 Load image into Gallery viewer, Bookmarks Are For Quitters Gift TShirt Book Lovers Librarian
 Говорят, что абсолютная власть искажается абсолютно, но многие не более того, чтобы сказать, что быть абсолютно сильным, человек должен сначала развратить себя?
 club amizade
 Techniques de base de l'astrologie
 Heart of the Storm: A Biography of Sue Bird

==

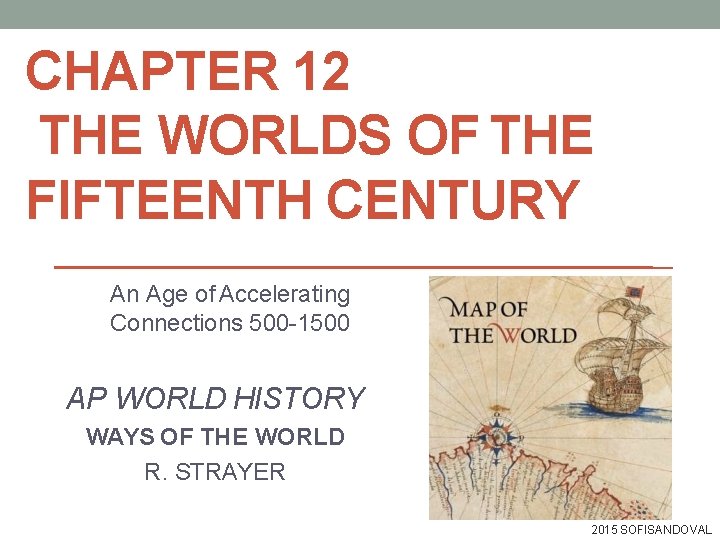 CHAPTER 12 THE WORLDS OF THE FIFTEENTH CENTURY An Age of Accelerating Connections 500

What you need to do
Above are the records; repeat exactly the lines from the one holding "club amizade" down to the one holding "Heart of the Storm: A Biography of Sue Bird", end lines included.

Exercise output
 club amizade
 Techniques de base de l'astrologie
 Heart of the Storm: A Biography of Sue Bird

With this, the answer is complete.